だけどそれは、ロミオとの信頼関係があってこその話で、契約したくなかったとなると話は違う。
「そんな風に思ってたんだ……」
「ちょっと待てサキ!」
「もういい。みんな私の事なんて……長嶺くんも」
えっ? 何で俺?
マモの事だとしたらそれは違う。俺は清水さんの事が……。
「何の話だよ!」
「もういいって言ってるでしょ!」
「だから何で怒ってんだよっ!」
すると清水さんは付けていたネックレスを外し、カズキの方に投げつけた。
「何すんだよ!」
「もういらない。両思いなんだしカズキくんが持っていればいいでしょ」
「そんな。僕には契約があります」
「そんなの破棄するから、彼と契約すれば?」
「本当にそれでいいんですね?」
「いいに決まっているじゃない。【契約破棄】するわ……」
清水さんがそう言うと、ネックレスと彼女の手が光り刻印されていたマークが消えた。それと同時にカズキに刻印の光が現れた。
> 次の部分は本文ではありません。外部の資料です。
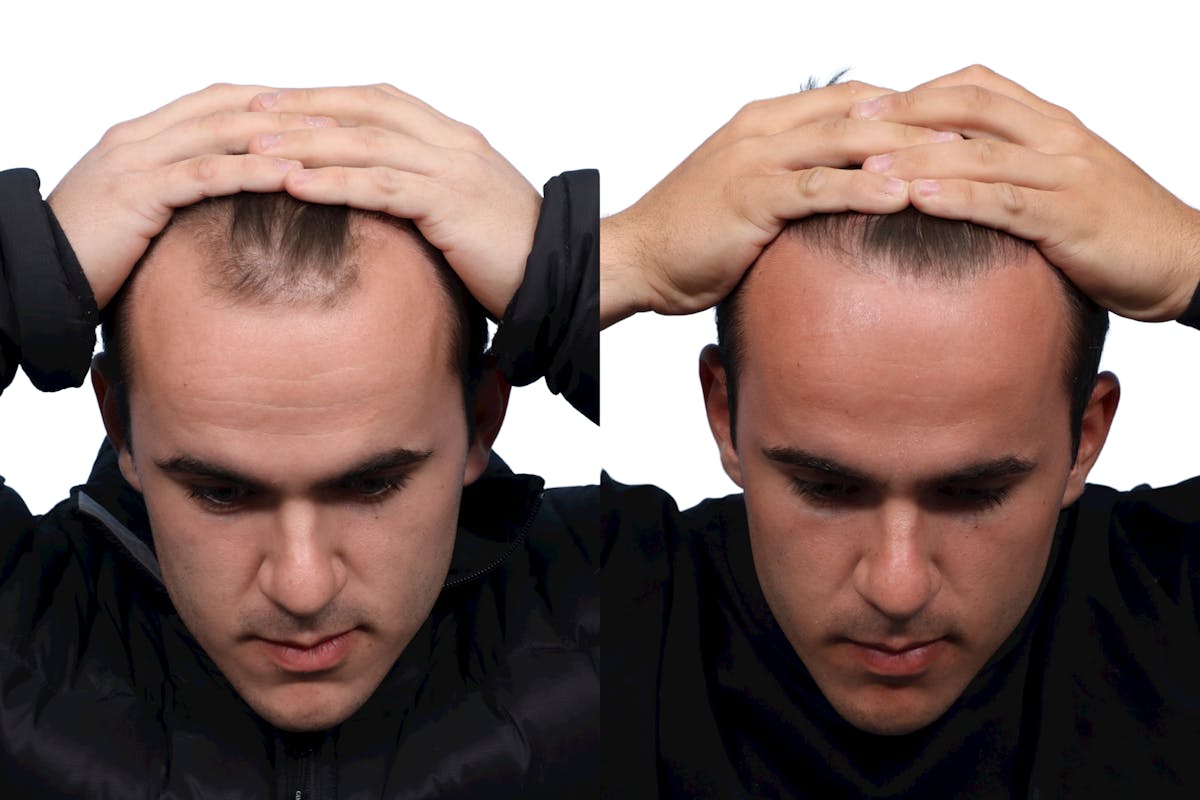 FUE Hair Transplant Before & After Gallery - Patient 206544 - Image 2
契約破棄とかできるのかよ。俺はカズキに移った事よりこんな簡単に破棄出来てしまう事に驚いた。
「何だよこれ……」
「契約が移行されたのです。これで僕と契約関係になりました」
「いや、なりましたってサキとの契約は?」
「彼女は自ら破棄されたので……」
「そんなんでいいのかよ」
「本人の希望が強くないと、破棄はできません」
清水さんは何も言わずヘタリと座り込んでいた。希望が強くないととの事だったが、ロミオの事を気に入っていたはずなのに、彼女はどうして破棄出来たのだろう。本当に破棄したかったのだろうか。
とはいえ、ロミがカズキの契約魔人となった事で本来の懸念点は解消された。魔人の力が無くなった今、彼女から箱を奪う事は容易な事だろう。
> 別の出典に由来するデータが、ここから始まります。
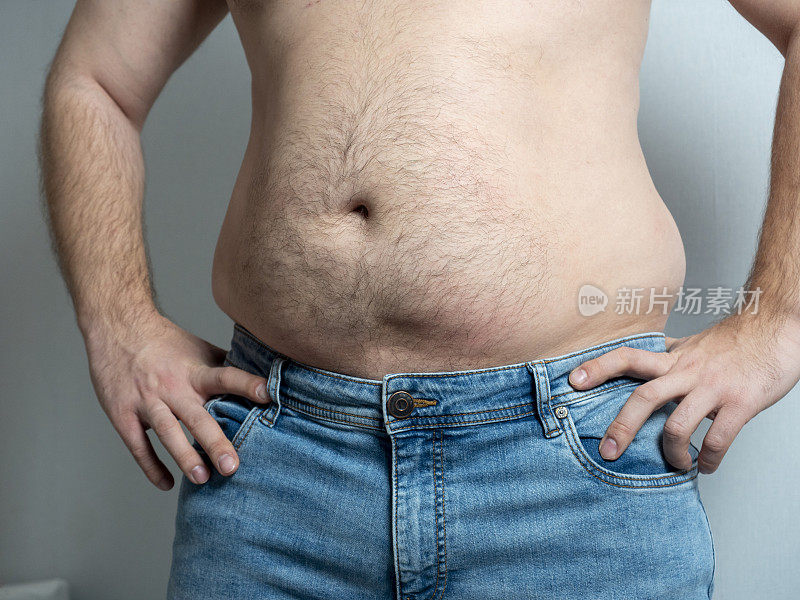 一个穿着牛仔裤的胖男人裸露的腹部。超重问题的概念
俺はなんとなく清水さんが不憫に思えて、彼女の近くに寄る。いつもの優しい笑顔はそこには無くどこか放心している様に見えた。
「でもよ、ロミオがロミだったのならあの箱は一体なんだったんだよ?」
「あれは本物の神器です。今のうちに回収してしまうのがいいと思います」
「ばあちゃんの形見なのになぁ……」
「ですが、危険である事には変わりありませんので仕方ないです」
ロミはそう言うと、清水さんの近くに寄る。魔人である彼女の力なら簡単に奪えてしまうだろう。
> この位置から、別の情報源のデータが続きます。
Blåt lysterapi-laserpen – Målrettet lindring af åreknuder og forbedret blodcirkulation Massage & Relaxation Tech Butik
ロミが箱に手を伸ばすと、それまで放心していたはずの清水さんはすかさず箱を掴んだ。
「これまで持っていかないでよ……」
泣いている様にも聞こえたその声は、俺の胸にずっしりと重みを与える。しかしロミも使命を全うするべくして彼女の腕に手をかけた。
「清水さん……諦めて下さい。これは貴方が思っている以上に危険な物なんです」
「やっ……嫌っ」
ロミの圧倒的な力の前に、彼女の力は弱すぎた。あっさりと取り上げられてしまうとその場に泣き崩れてしまった。
どうにかしてやりたいけど、マモが恐る位の魔人だからなぁ。こればっかりはどうしようもない。
しかし、ロミがカズキに箱を渡そうとした瞬間、彼女はもう一度箱に手を伸ばした。意表を突かれたのか、ロミの手から箱がゆっくりとこぼれ落ちていく。床の上に転がった瞬間、清水さんの手が箱に触れるとそれまで閉じていた箱が開き、どこか懐かしい様なメロディが流れ始めた。